How to complete this task
Leave the pictures out, and transcribe the material below exactly from the line with "Hardrace Adjustable Rear" to the line with "Seat Alhambra 1.4TSI", both lines included.

Stored data
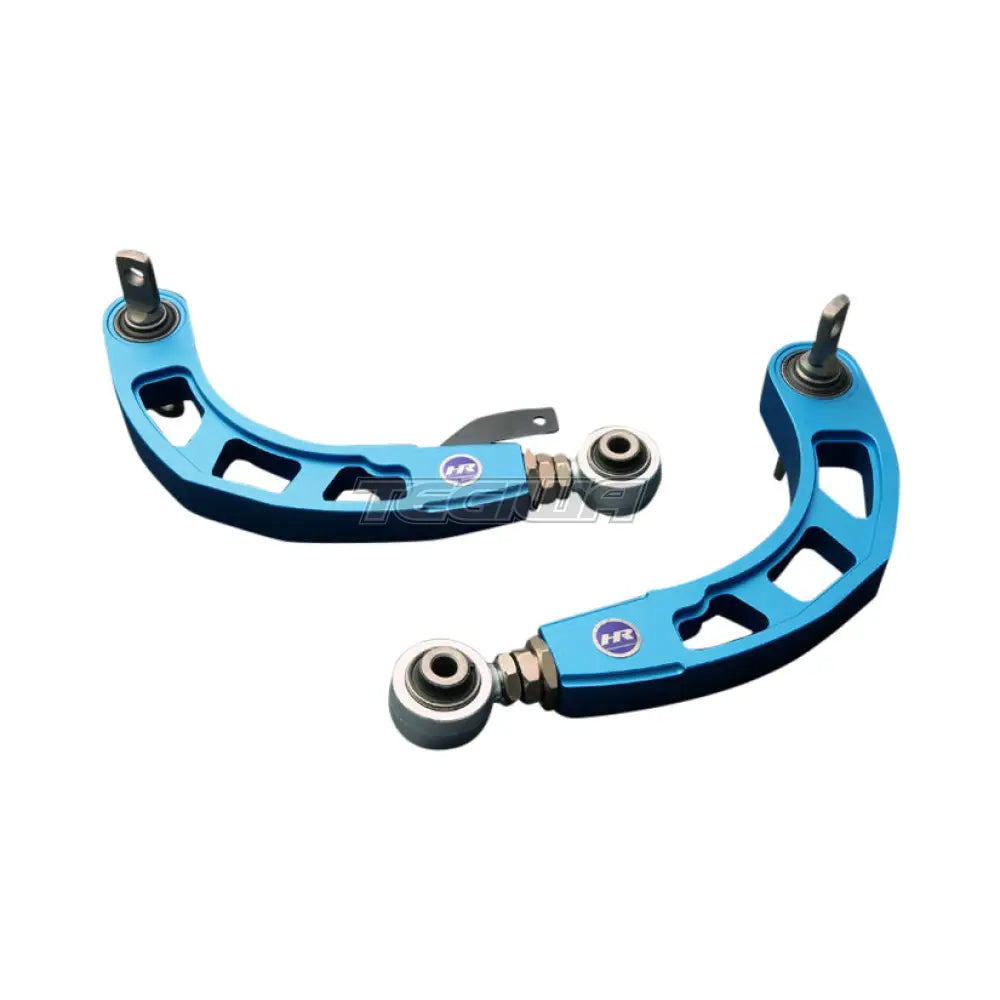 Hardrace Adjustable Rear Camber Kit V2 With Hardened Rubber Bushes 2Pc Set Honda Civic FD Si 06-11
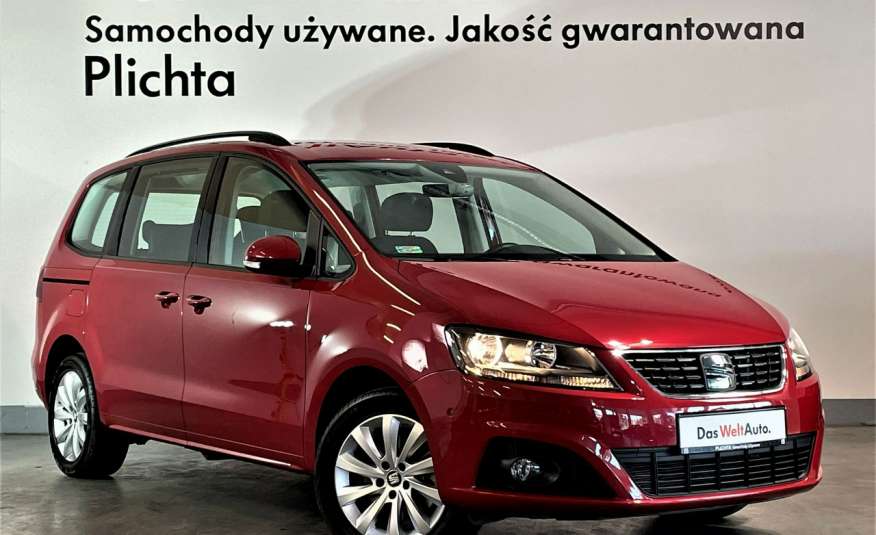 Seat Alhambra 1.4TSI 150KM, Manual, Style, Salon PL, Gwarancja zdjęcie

--

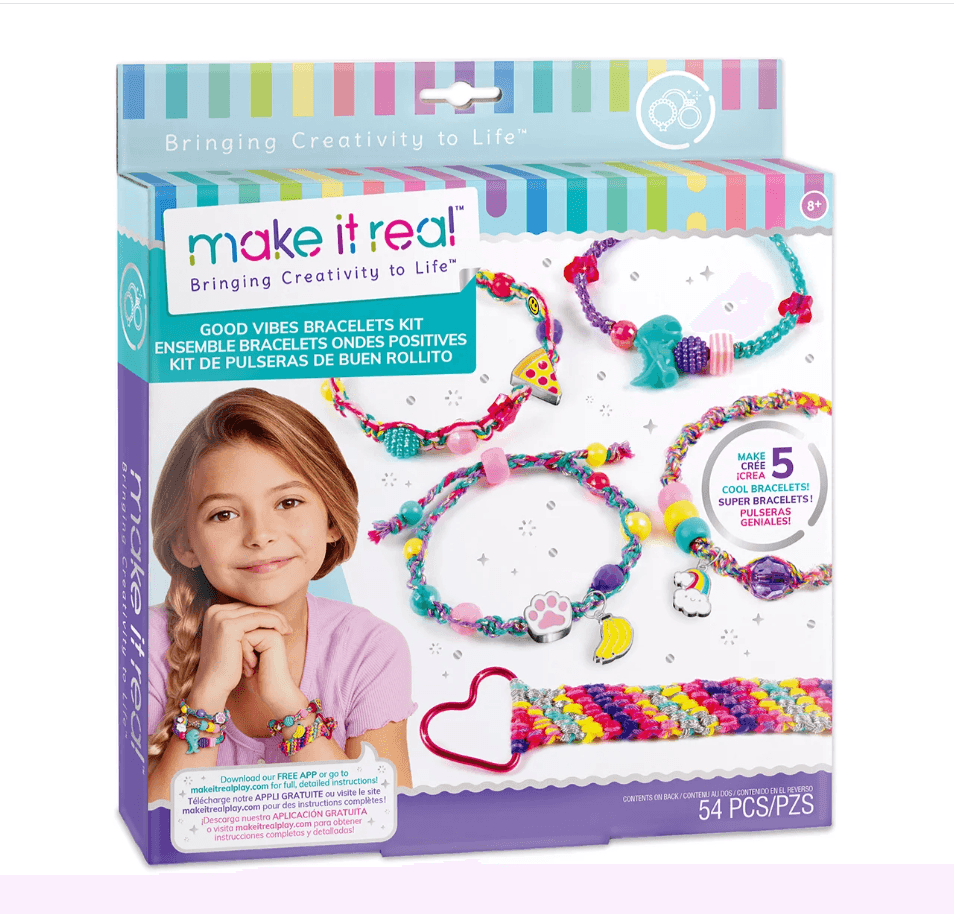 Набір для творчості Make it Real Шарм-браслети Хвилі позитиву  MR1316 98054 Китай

Result
 Hardrace Adjustable Rear Camber Kit V2 With Hardened Rubber Bushes 2Pc Set Honda Civic FD Si 06-11
 Seat Alhambra 1.4TSI 150KM, Manual, Style, Salon PL, Gwarancja zdjęcie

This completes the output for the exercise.